Marchand says Trudeau’s Senate decision a ‘major move’

Making Liberal senators independent is a first, concrete step toward reducing partisanship, Trudeau argued

Justin Trudeau

Justin Trudeau

Cam Fortems – Kamloops This Week

A surprise move recently by Justin Trudeau to kick Liberal senators out of the federal caucus, making them independent, is being lauded by a longtime member of the red chamber and a TRU political scientist.

“It’s a major move,” said Len Marchand, a former city MP, cabinet minister and B.C. senator. “It caught us old Liberal members by surprise.”

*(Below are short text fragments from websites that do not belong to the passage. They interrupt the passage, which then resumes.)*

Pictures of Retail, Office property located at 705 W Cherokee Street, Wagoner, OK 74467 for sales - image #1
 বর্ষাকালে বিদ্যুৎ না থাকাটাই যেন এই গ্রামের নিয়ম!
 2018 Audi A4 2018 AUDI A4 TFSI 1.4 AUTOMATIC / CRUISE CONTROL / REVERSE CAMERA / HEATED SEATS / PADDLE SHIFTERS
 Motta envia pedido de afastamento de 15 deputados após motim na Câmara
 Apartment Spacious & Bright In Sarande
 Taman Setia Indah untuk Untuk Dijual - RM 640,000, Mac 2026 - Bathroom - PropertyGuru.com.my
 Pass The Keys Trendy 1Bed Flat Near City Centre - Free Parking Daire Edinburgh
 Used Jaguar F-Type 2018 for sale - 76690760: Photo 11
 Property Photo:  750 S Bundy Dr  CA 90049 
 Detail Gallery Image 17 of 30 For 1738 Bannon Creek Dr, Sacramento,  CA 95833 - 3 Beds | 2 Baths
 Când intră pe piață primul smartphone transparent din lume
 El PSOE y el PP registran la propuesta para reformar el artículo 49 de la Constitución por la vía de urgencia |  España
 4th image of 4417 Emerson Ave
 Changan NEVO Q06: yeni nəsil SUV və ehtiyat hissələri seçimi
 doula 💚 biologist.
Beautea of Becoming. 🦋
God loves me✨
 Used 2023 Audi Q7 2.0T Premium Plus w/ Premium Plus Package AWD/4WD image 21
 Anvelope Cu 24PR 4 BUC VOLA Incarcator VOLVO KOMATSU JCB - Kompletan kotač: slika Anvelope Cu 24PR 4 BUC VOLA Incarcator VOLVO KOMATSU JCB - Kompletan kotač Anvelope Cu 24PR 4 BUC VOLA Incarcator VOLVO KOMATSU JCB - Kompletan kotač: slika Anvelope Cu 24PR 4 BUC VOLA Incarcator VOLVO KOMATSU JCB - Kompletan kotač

Liberal Leader Trudeau held a news conference on Parliament Hill, saying extreme patronage and partisanship are at the root of the Senate expenses scandal, which has engulfed the upper chamber for more than a year.

“The Senate is broken and needs to be fixed,’’ he said.

Making Liberal senators independent of the party’s parliamentary caucus is a first, concrete step toward reducing partisanship, Trudeau argued as he challenged Prime Minister Stephen Harper to similarly set free the 57 Conservative senators.

But, Kamloops-Thompson-Cariboo (Conservative) MP Cathy McLeod said the timing of the announcement — before an auditor- general’s report on Senate expenses is due to be released — is suspicious.

Since being elected, Harper has appointed dozens of senators — despite a pledge eight years ago to not appoint them. He is now engulfed in an expenses scandal involving Conservative senators Mike Duffy, Pamela Wallin and Patrick Brazeau.

Liberal members have also been implicated.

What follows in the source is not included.